**Overview of the single-cycle cache simulator**

Authors: Haoyi Shi & Haoyuan Du

**1. How does it work?**

We implement a cache simulator based on the previous single-cycle simulator. Cache structure is using for reducing the executing time (searching time) between processor and memory. Because when a processor wants a block of information from memory, it takes much time to look through the memory and find the target. But within the cache structure, it takes way less time to get the target from the cache. The cache structure has mainly three types: Direct mapping, Set Associate and Fully Associate.

The differences between these three types are that the cache has three dimentions which are the set\_size, the associativity\_number (n-way) and the block\_size. Thus, our simulator asks for three parameters and the machine code before simulating. In UST-3400 simulator, we use cache in three cases: loading the instructions from memory, loading an information when a lw instruction appears, storing an information when a sw instruction appears.

**Loading instructions from memory:** At the beginning, the simulator searches the target block in the cache, it will check all “Valid flag” in the appropriate set (set number is depended on PC in binary, and one set could have more than one entries depended on the associativity). If Valid flag is 1, then it will check the Tag. If the Tags are matched, then the processor successfully gets the instruction it needs. Otherwise, if no Tags are matched, then it has to ask cache to load new blocks from the memory.

Before actually loading a new block, the cache needs to evict the old blocks to memory (evict the least recently used blocks) if it’s dirty (have been updated by any reasons before) or evict them to nowhere if it’s not dirty. Finally, passing the new information to the processor.

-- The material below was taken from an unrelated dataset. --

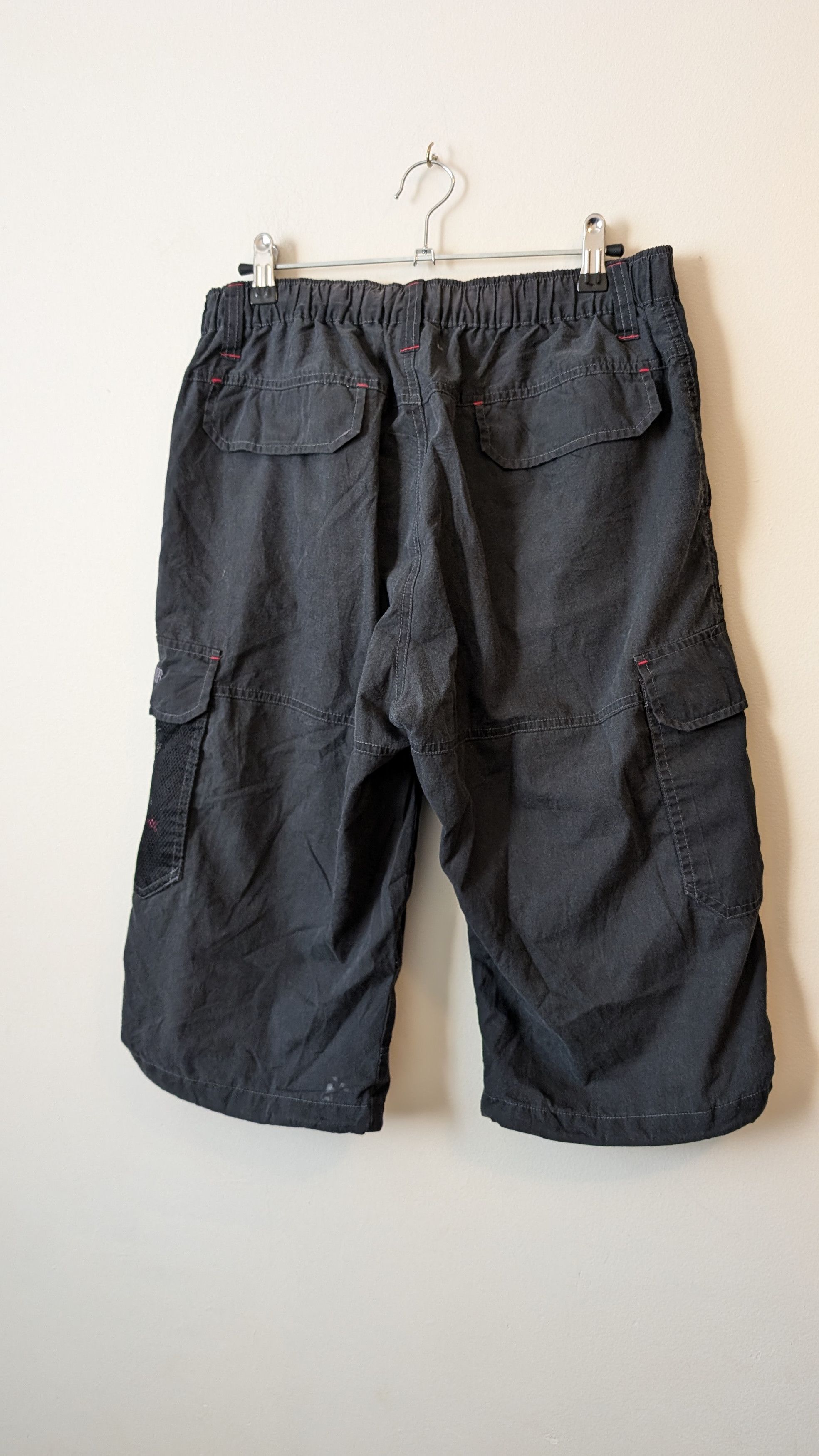 Oakley 6 Pocket Long Cargo Shorts Size US 30 / EU 46 - 3 Thumbnail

**Loading an information when a lw instruction appears:** This case is very similar to “loading the instructions from memory”. However, instead of using PC as the address, we use the reg[b]+offset as the target address.

**Storing an information when a sw instruction appears:** Storing information is slightly different from loading information. For the last step, instead of loading the correct block to processor, the processor will send a block (word size – 32 bits) of information to the cache. Meanwhile, the “Dirty flag” of that entry will be set to 1.

**2. Some difficulties**

1. **Difficulties on tracking the lru (least recently used) entry:**

We used a little different way to track the lru because we start the project a little bit ealier. Basically, we also use the “adding and resetting” method to update each entry’s lru in a set. The initialize value for each entry is 0. When an entry is being used, we reset its lru to 0, and increment EVERY entries (include the one just being used) by 1. Therefore, each time when the cache needs to evict an entry of blocks, it will iterate through each lru value and find the largest one to evict. Then, reset the lru to 0, and increment every entries by 1 (as what I just mentioned). Our method keeps the differnces of lru among all entries so it's a valid method.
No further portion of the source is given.